Als Kind wollte ich Tänzerin werden. Ich habe sehr viel getanzt und wollte auch eine Tänzerin werden, aber dann wurde das Singen für mich wichtiger. Und so habe ich die High Heels mit auf die Bühne gebracht, um eleganter, femininer sein zu können und damit die Tanzbewegungen besser aussehen.
JS: Hast du selbst Einfluss auf dein Bühnenoutfit und Styling?
NL: Ja. Das ist eine der wichtigsten Sachen für mich, um mich auszudrücken. Mit jedem Album erschaffen wir eine „neue Haut“ und wir wollen uns einerseits musikalisch weiterentwickeln, aber ich möchte auch die Bühnenkleidung weiterentwickeln. Das ist sehr wichtig für mich.

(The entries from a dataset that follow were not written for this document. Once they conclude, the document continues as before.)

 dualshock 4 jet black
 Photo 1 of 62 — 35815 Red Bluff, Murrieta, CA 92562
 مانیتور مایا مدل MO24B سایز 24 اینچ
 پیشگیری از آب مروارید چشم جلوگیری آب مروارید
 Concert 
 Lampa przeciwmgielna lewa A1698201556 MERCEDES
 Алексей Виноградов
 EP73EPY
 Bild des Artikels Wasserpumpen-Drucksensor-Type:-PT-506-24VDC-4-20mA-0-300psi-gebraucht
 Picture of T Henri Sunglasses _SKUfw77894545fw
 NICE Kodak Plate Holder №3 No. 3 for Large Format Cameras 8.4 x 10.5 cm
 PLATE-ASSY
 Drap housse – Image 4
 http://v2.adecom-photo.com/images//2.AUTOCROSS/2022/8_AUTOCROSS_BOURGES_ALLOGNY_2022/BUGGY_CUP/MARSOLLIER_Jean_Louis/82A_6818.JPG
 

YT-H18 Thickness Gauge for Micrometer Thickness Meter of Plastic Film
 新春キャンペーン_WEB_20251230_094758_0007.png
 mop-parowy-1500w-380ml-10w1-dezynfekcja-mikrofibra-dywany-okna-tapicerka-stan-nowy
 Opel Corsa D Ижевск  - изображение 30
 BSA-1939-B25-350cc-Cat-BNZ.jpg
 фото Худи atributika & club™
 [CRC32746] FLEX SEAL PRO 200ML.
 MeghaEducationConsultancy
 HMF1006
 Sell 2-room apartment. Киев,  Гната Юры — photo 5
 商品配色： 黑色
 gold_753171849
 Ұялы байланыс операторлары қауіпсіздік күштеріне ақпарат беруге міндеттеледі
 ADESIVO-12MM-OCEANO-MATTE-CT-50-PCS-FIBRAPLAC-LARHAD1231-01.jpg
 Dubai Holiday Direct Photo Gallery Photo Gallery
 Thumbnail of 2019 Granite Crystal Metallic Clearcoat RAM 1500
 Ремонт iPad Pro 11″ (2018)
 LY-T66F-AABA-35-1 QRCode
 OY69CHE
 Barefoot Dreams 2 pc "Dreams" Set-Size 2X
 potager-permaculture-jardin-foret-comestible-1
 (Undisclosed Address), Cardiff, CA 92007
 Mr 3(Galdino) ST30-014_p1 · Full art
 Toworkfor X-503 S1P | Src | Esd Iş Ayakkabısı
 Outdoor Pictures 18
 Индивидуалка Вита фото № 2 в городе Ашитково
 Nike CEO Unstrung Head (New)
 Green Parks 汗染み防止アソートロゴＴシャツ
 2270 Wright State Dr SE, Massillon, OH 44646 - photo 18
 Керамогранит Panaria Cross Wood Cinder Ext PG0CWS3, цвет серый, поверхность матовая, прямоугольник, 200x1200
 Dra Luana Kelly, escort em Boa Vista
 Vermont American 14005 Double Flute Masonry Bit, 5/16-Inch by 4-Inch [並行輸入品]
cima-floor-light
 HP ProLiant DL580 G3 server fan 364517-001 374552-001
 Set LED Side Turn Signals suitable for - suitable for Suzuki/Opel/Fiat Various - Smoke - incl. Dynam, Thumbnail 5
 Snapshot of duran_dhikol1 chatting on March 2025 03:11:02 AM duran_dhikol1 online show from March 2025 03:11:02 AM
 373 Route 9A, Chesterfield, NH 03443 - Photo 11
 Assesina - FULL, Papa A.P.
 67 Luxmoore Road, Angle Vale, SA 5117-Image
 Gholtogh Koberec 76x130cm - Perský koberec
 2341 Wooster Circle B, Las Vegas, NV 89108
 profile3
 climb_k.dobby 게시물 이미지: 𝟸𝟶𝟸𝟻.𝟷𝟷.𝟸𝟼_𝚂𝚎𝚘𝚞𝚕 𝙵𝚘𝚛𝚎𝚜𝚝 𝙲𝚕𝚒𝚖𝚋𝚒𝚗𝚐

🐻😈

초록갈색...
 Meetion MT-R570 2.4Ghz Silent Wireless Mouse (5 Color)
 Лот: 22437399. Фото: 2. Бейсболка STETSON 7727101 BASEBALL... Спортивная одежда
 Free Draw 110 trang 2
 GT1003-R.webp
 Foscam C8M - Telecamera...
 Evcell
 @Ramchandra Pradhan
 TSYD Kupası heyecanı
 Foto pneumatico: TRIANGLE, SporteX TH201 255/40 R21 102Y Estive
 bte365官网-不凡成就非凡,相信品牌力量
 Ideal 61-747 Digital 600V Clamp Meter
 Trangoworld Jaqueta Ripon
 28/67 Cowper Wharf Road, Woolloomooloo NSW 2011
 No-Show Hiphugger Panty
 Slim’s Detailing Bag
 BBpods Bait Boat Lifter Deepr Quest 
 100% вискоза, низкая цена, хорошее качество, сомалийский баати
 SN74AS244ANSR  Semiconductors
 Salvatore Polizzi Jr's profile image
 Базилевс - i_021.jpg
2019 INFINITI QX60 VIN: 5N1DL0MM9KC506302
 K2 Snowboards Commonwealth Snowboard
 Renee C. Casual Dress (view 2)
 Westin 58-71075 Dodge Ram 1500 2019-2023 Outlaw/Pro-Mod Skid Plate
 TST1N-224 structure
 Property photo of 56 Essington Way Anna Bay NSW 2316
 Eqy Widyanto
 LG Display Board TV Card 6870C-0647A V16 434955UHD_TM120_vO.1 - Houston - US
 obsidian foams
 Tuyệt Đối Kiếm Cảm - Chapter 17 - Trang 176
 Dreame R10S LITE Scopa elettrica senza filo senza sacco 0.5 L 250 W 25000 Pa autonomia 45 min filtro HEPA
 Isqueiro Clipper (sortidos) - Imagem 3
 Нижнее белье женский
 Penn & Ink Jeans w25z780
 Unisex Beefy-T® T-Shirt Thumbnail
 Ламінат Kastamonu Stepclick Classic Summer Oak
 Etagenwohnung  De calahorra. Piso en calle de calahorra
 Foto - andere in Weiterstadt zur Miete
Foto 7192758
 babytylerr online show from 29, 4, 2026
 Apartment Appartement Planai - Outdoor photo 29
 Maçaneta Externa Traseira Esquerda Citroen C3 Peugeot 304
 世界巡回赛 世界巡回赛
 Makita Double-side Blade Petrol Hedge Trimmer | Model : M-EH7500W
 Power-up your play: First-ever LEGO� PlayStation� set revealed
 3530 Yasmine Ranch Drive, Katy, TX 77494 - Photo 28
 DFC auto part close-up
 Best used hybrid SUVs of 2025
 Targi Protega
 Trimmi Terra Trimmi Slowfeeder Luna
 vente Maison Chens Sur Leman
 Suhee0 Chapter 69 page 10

Ich habe auch eine Kostümbildnerin, Katariina von „Ilmatar Couture“, und sie ist wie meine Zauberin. Wenn wir unsere Ideen austauschen, wird es magisch. Ich bin sehr froh, dass sie mit mir zusammenarbeitet.
JS: Hättest du einen Plan B, wenn es mit der Musikkarriere nicht geklappt hätte?
NL: Ich habe immer Plan Bs, Plan Cs und Plan Ds (alle lachen). Ich bin eine sehr durchgeplante Person. Ich bin auch eine Unternehmerin als Vocalcoach und anderes. Ich bin an allen Aspekten der Musikindustrie interessiert. Wir werden sehen, was passiert. Aber im Moment bin ich mehr auf die Arbeit als Sängerin konzentriert. Und mache ein paar Nebenprojekte.
CL: Du hast schon kurz das Vocalcoaching angesprochen. Du hast einen Gesangskurs namens „Sing like a Beast“. Was unterscheidet diesen Kurs von anderen Gesangskursen?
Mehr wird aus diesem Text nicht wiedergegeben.